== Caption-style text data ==
● ● ● ● ● ● ●
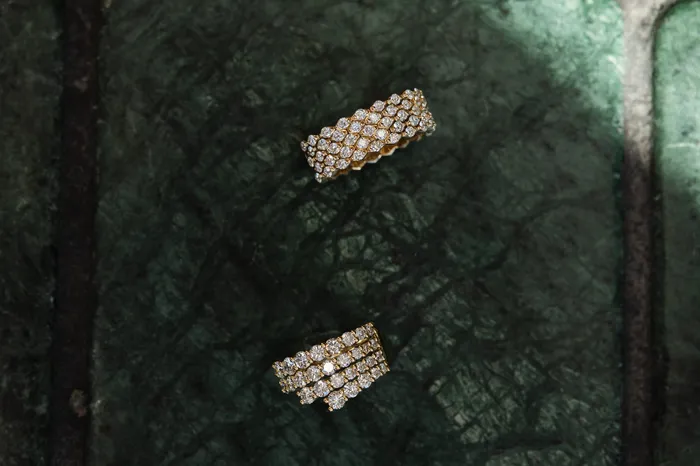 Rings RACHEL LYNN CHICAGO Yellow Gold and Diamond Chain Link Ring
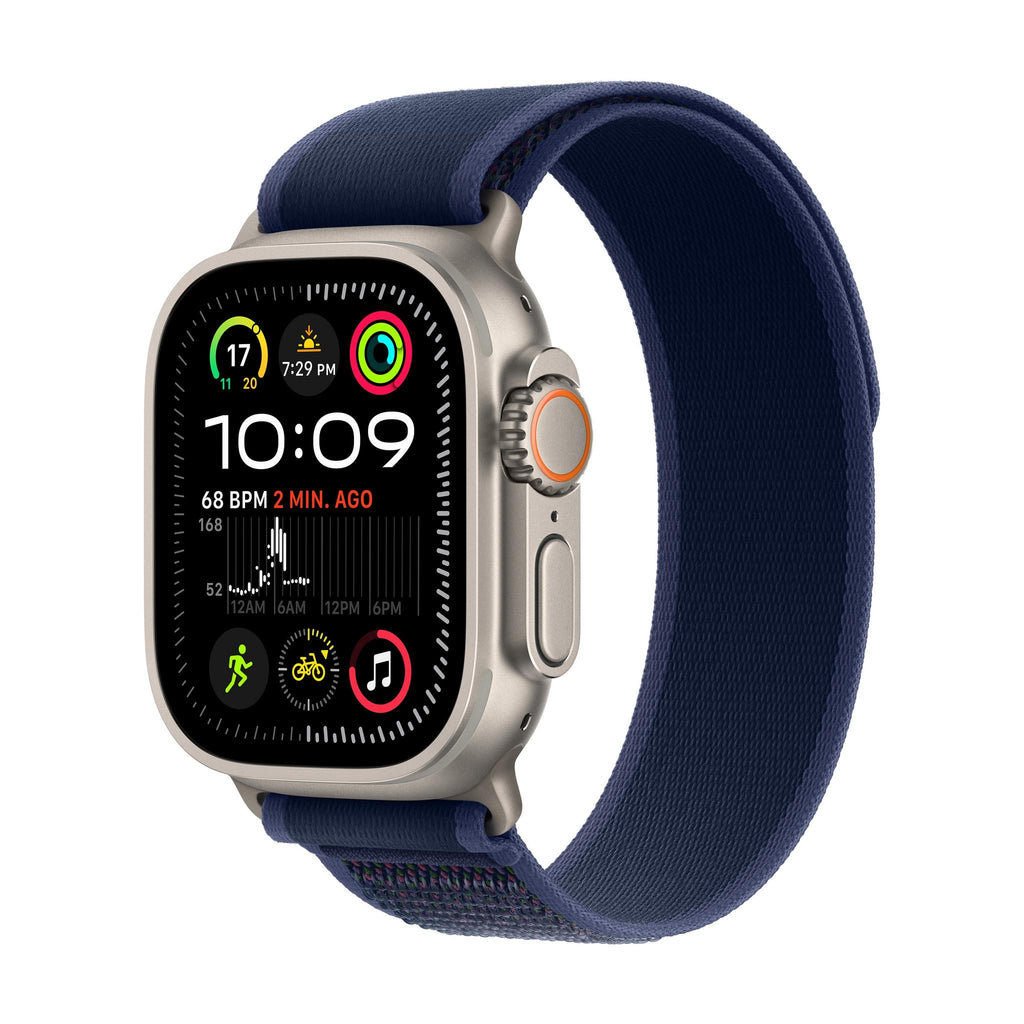 Apple Watch Ultra 2 (2024) - 49 مم - GPS + خلوي - إطار من التيتانيوم الطبيعي - حلقة تريل زرقاء | S/M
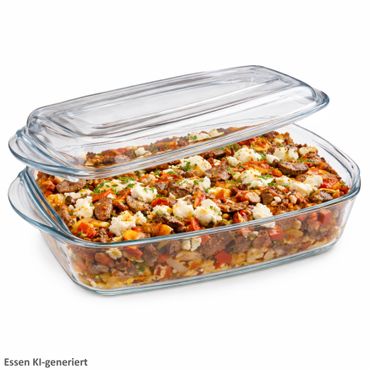 BORCAM Brat- & Backform mit Deckel 1,8L rechteckig aus Glas - 59010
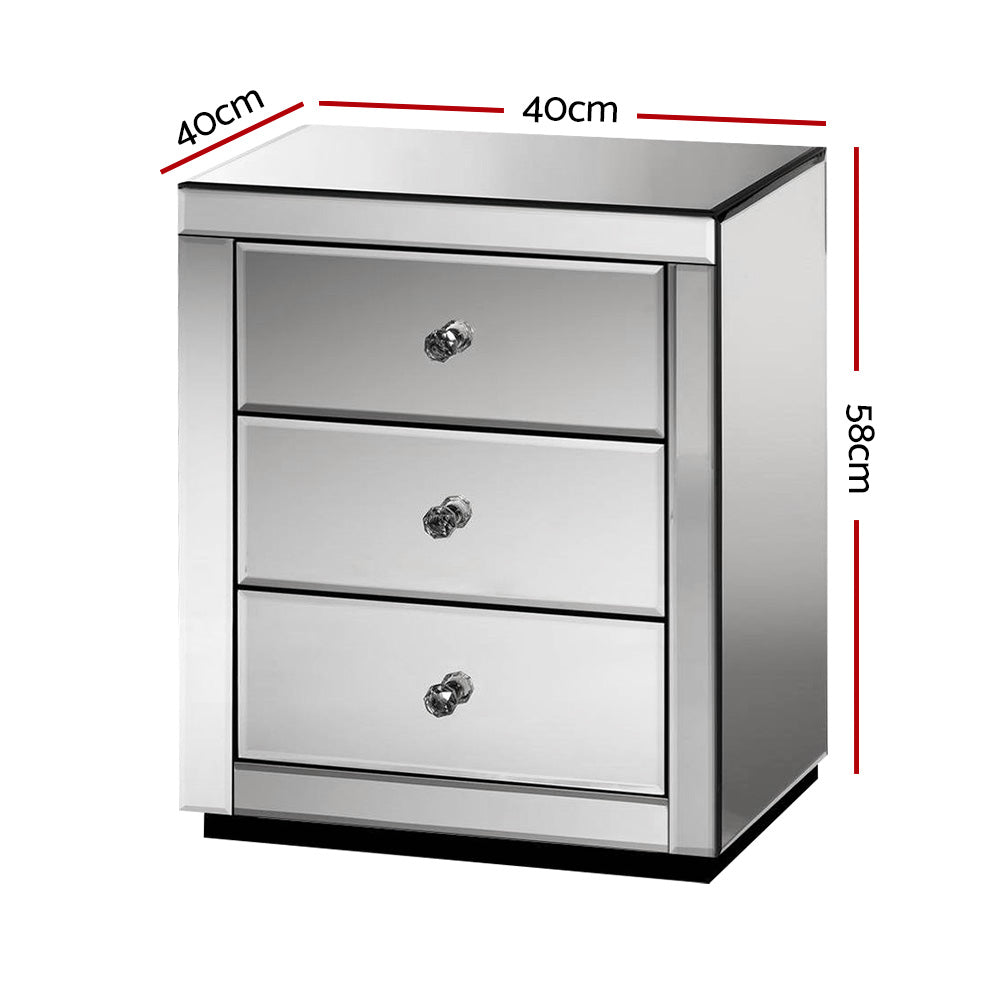 Artiss Mirrored Bedside table Drawers Furniture Mirror Glass Presia Smoky Grey-Furniture &gt; Bedroom - Peroz Australia - Image - 2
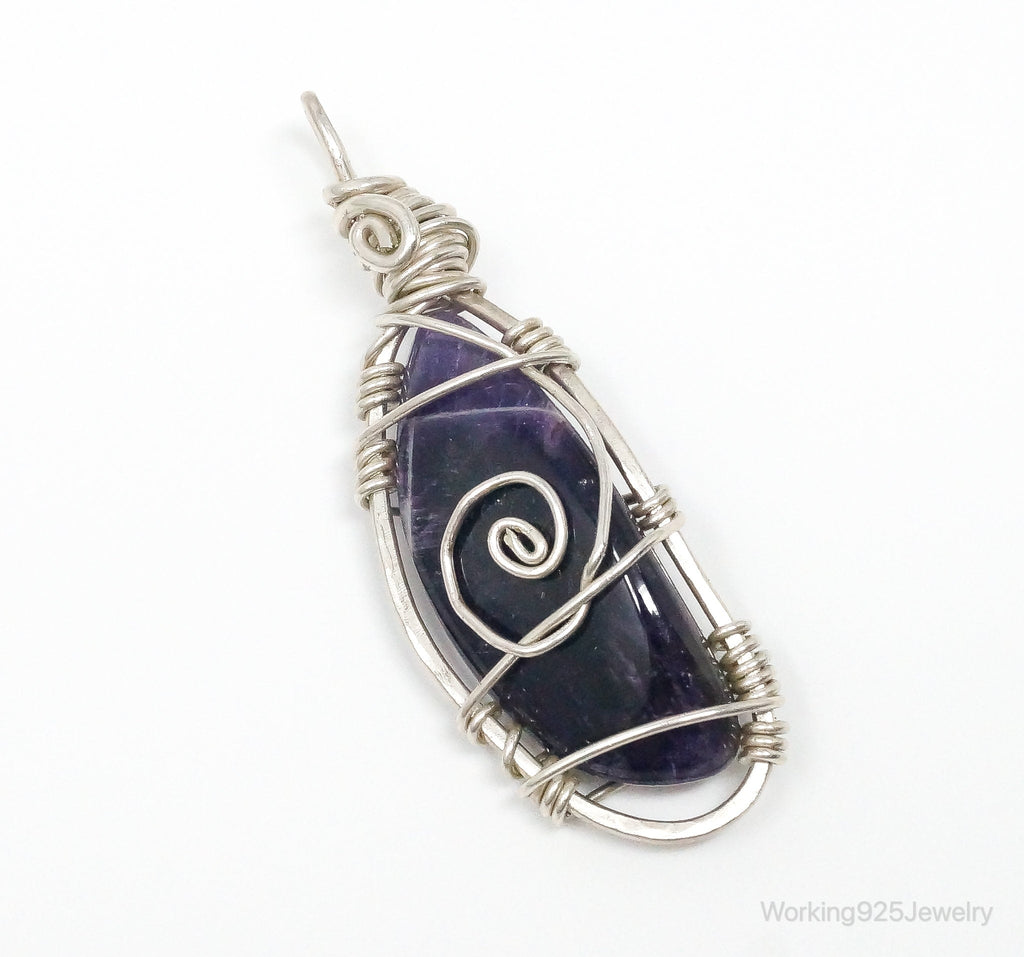 Vintage Large Amethyst Sterling Silver Necklace Pendant - Collective Awakening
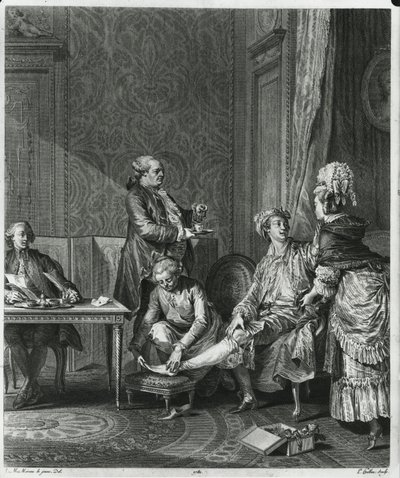 堤坝，由路易斯米歇尔哈尔布（1730-c.1809）1781年雕刻 作者 让-米歇尔小莫罗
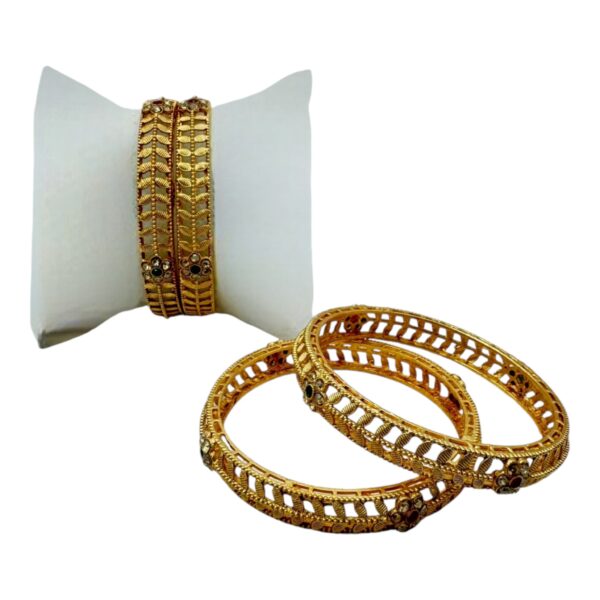 Gold Bangles- Ruby Color, Plain And Green Color Stones- 4 Bangles Set. Product Code:  V-1398 - Image 2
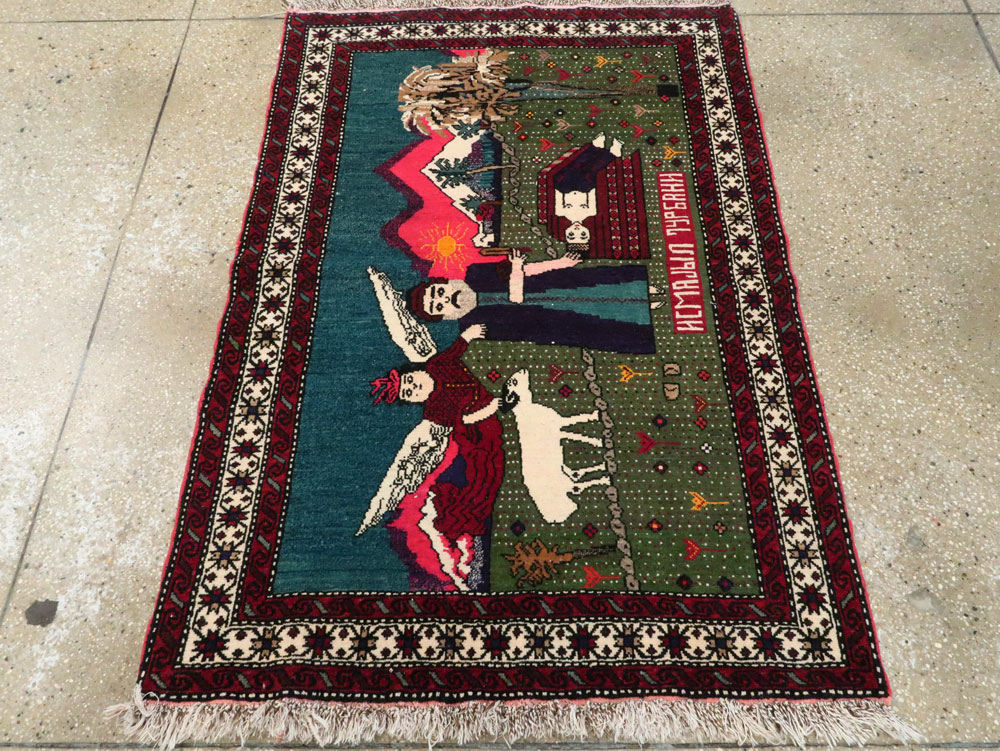 Vintage Pictorial Karabagh Rug, No.27842 - Galerie Shabab
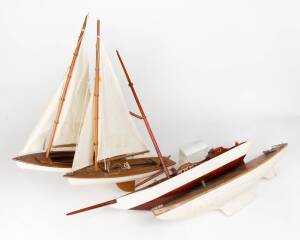 Group of 6 model boats & pond yachts, 20th Century.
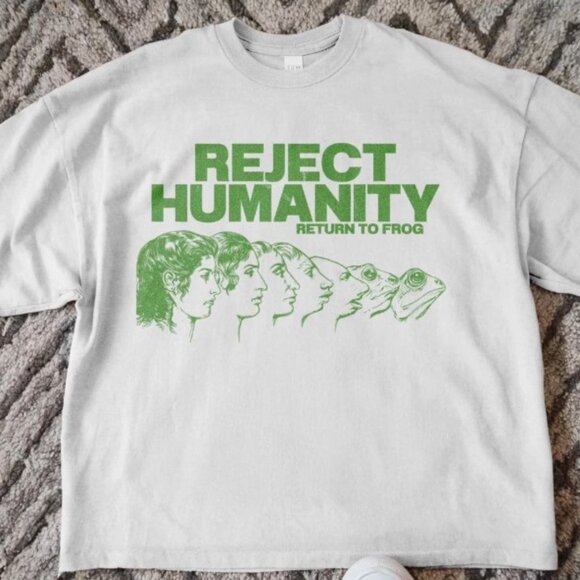 Reject Humanity Return To Frog Graphic T-Shirt,Scientific Evolution Meme T-Shirt - Picture 1 of 1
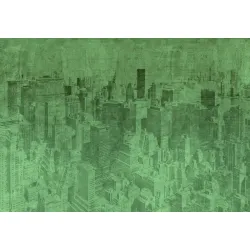 Fototapeta Nowy Jork – Grunge Skyline Manhattanu – Odcienie szarości i zieleni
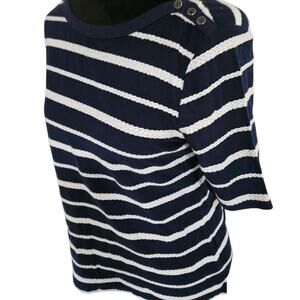 Croft & Barrow Women Navy Blue Nautical Embroidered Shirt Size PS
● ● ● ● ● ● ●
== Task objective ==
Retype the records above exactly, starting at the line that contains "Group of 6 model" and going through the last line, and leave out any pictures.

== Answer for the task ==
 Group of 6 model boats & pond yachts, 20th Century.
 Reject Humanity Return To Frog Graphic T-Shirt,Scientific Evolution Meme T-Shirt - Picture 1 of 1
 Fototapeta Nowy Jork – Grunge Skyline Manhattanu – Odcienie szarości i zieleni
 Croft & Barrow Women Navy Blue Nautical Embroidered Shirt Size PS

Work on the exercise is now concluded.